You can use private links to provide secure access for data traffic in Fabric. Azure Private Link and Azure Networking private endpoints are used to send data traffic privately using Microsoft's backbone network infrastructure instead of going across the internet.

When private link connections are used, those connections go through the Microsoft private network backbone when Fabric users access resources in Fabric.

To learn more about Azure Private Link, see What is Azure Private Link.

Enabling private endpoints has an impact on many items, so you should review this entire article before enabling private endpoints.

What is a private endpoint

Private endpoint guarantees that traffic going into your organization's Fabric items (such as uploading a file into OneLake, for example) always follows your organization's configured private link network path. You can configure Fabric to deny all requests that don't come from the configured network path.

Private endpoints do not guarantee that traffic from Fabric to your external data sources, whether in the cloud or on-premises, is secured. Configure firewall rules and virtual networks to further secure your data sources.

A private endpoint is a single, directional technology that lets clients initiate connections to a given service but doesn't allow the service to initiate a connection into the customer network. This private endpoint integration pattern provides management isolation since the service can operate independently of customer network policy configuration. For multitenant services, this private endpoint model provides link identifiers to prevent access to other customers' resources hosted within the same service.

The Fabric service implements private endpoints and not service endpoints.

Using private endpoints with Fabric provides the following benefits:

• Restrict traffic from the internet to Fabric and route it through the Microsoft backbone network.
• Ensure only authorized client machines can access Fabric.
• Comply with regulatory and compliance requirements that mandate private access to your data and analytics services.

Understand private endpoint configuration

There are two tenant settings in the Fabric admin portal involved in Private Link configuration: Azure Private Links and Block Public Internet Access.

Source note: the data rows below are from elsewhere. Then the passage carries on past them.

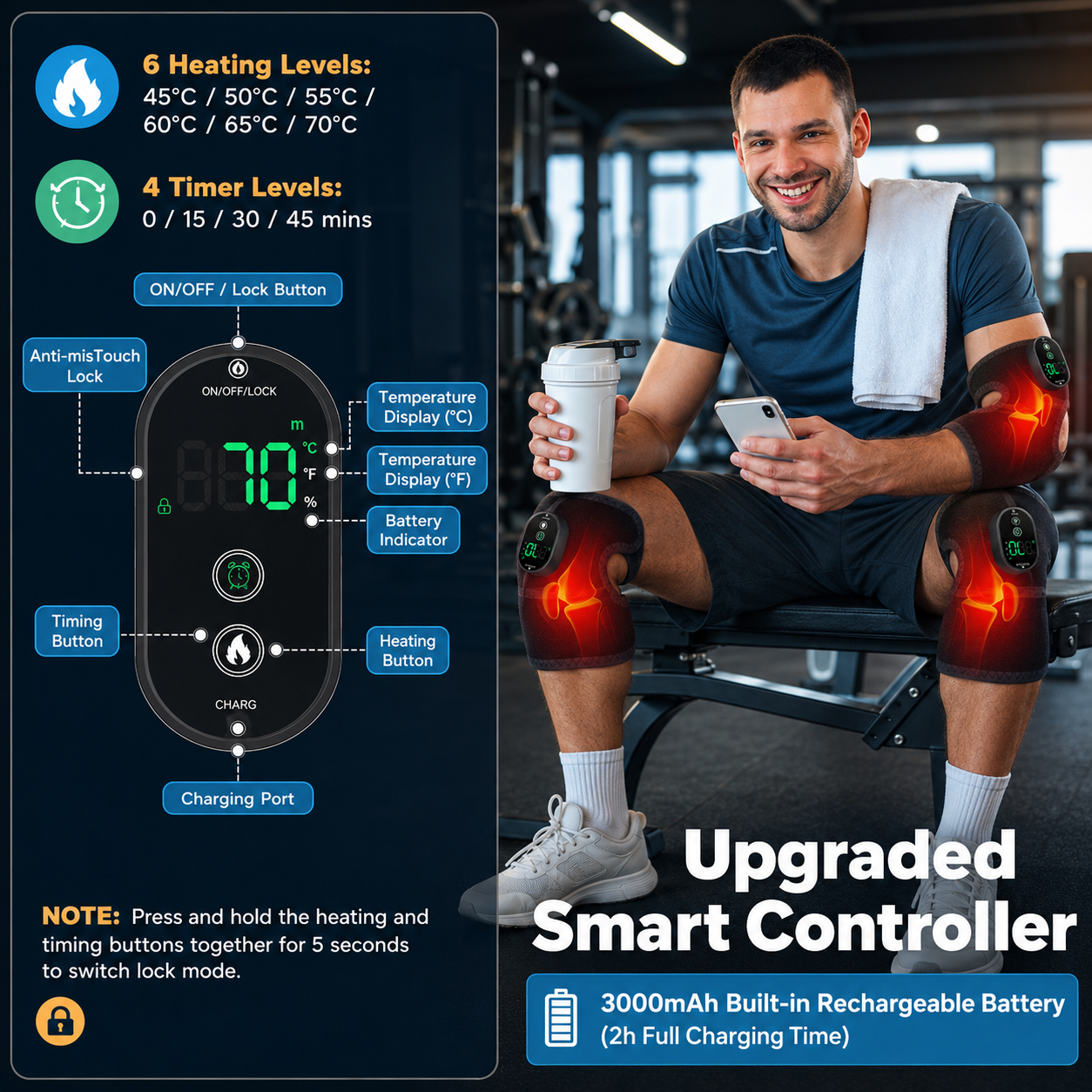 3-in-1 Cordless Knee Heating Pad with Smart Temperature Control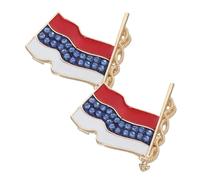 IMIKEYA 2pcs Flag Brooch Pin Rhinestone Waving Russian Flag Lapel Pin for Men Festival Dress Coat Hat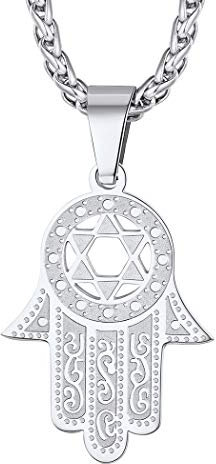 Suplight Herren Halskette Edelstahl Hand der Fatima Anhänger mit Weizenkette 50+5cm Hamsa-Hand Muslim Islamische Amulett Gottes Schutz Symbol Modeschmuck für Geburtstag Weihnachten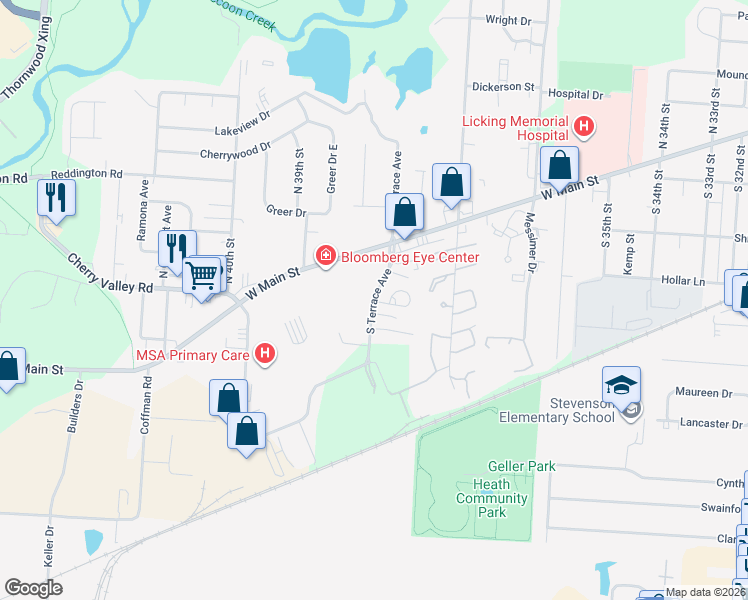 map of restaurants, bars, coffee shops, grocery stores, and more near 168 South Terrace Avenue in Newark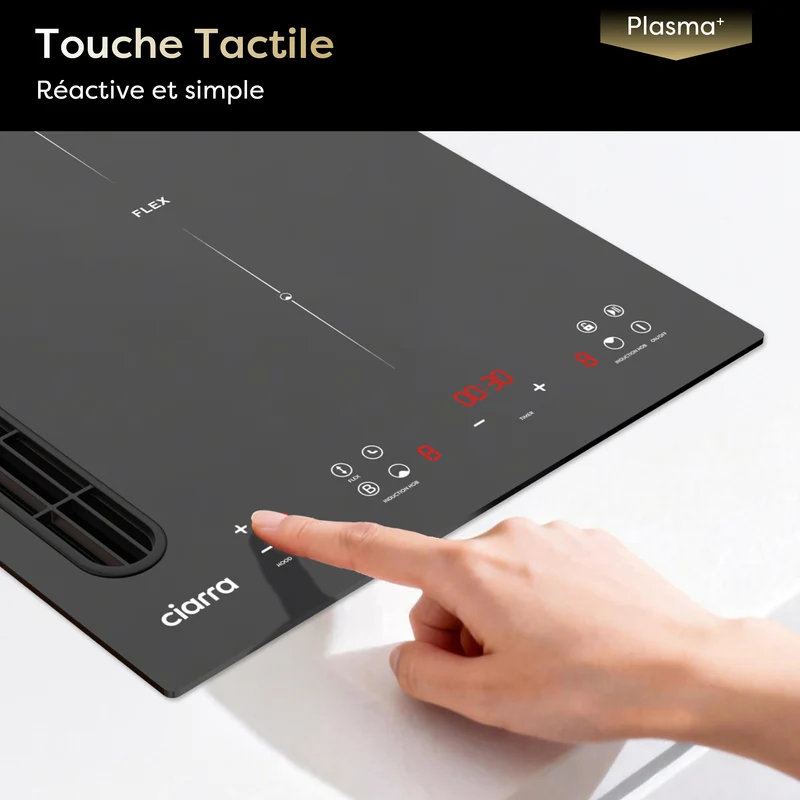 [Première Mondiale] Ciarra ONE - Plaque à Induction avec Hotte Intégrée Domino 390mm avec Système Plasma⁺ Intégré et Boost et Flexzone | CBBEH392BF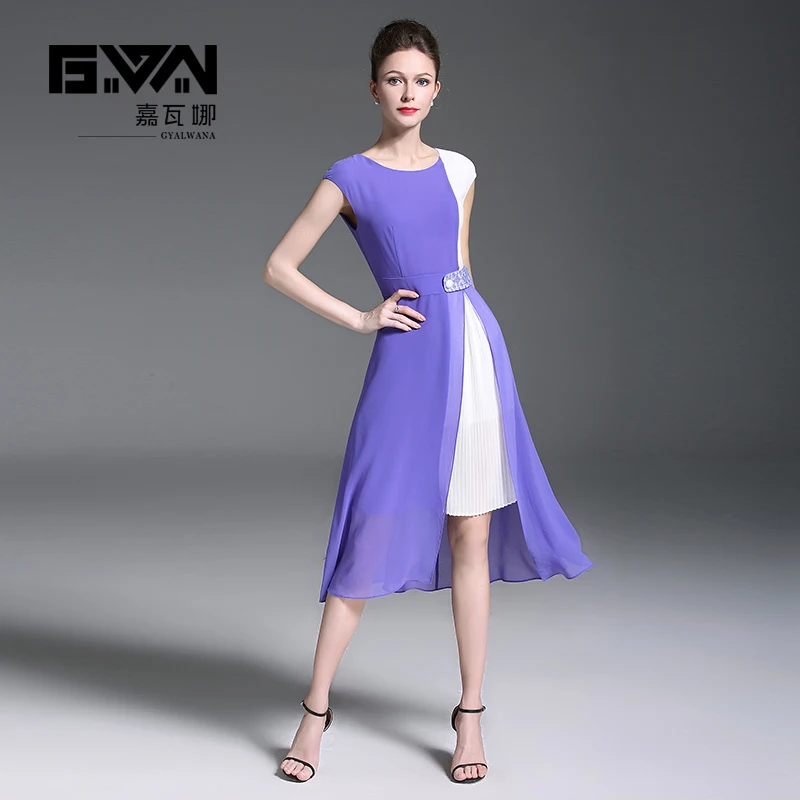

GYALWANA 2018 new style, splice color chiffon dress, fashion high street and party dresses.director of the shop recommends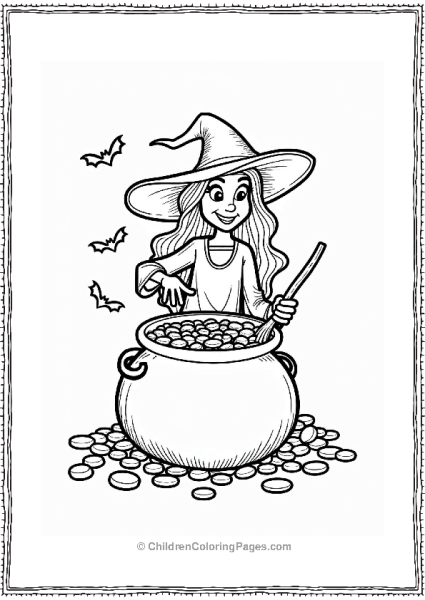 Witch’s Cauldron With Colorful Candies Free PDF Printable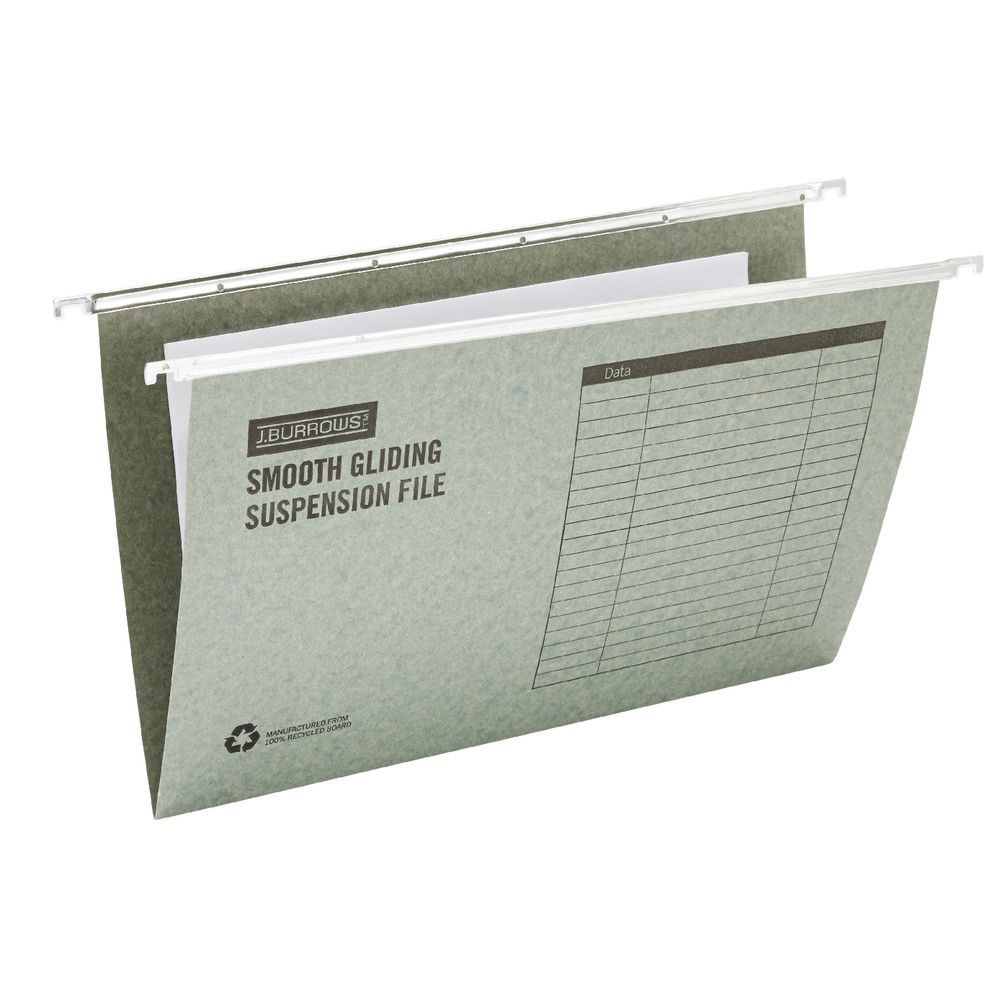 J.Burrows Suspension File Foolscap Green 50 Pack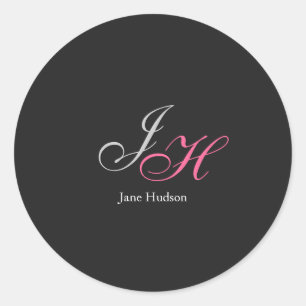Black Grey Monogram Name Initial Letters Script Classic Round Sticker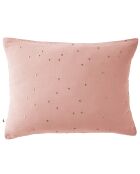 Taie d'oreiller Gaze de coton Gaïa Chic rose pêche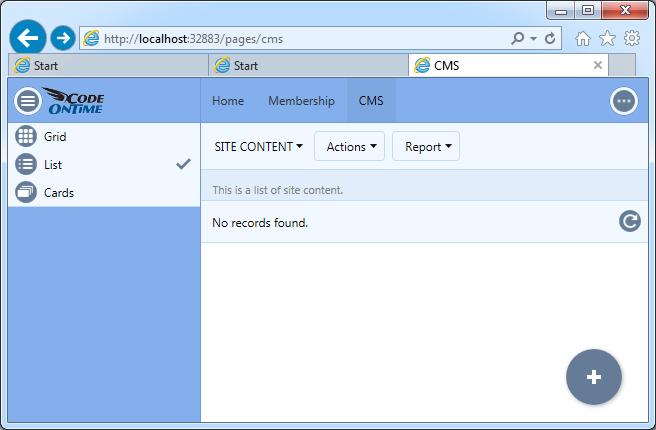 Content management screen of integrated CMS.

If Azure Private Link is properly configured and Block public Internet access is enabled:

• Supported Fabric items are only accessible for your organization from private endpoints, and aren't accessible from the public Internet.
• Traffic from the virtual network targeting endpoints and scenarios that support private links are transported through the private link.
• Traffic from the virtual network targeting endpoints and scenarios that don't support private links will be blocked by the service, and won't work.
• There might be scenarios that don't support private links, which therefore will be blocked at the service when Block Public Internet Access is enabled.

If Azure Private Link is properly configured and Block public Internet access is disabled:

• Traffic from the public Internet will be allowed by Fabric services.
• Traffic from the virtual network targeting endpoints and scenarios that support private links are transported through the private link.
• Traffic from the virtual network targeting endpoints and scenarios that don't support private links are transported through the public Internet, and will be allowed by Fabric services.
• If the virtual network is configured to block public Internet access, scenarios that don't support private links will be blocked by the virtual network, and won't work.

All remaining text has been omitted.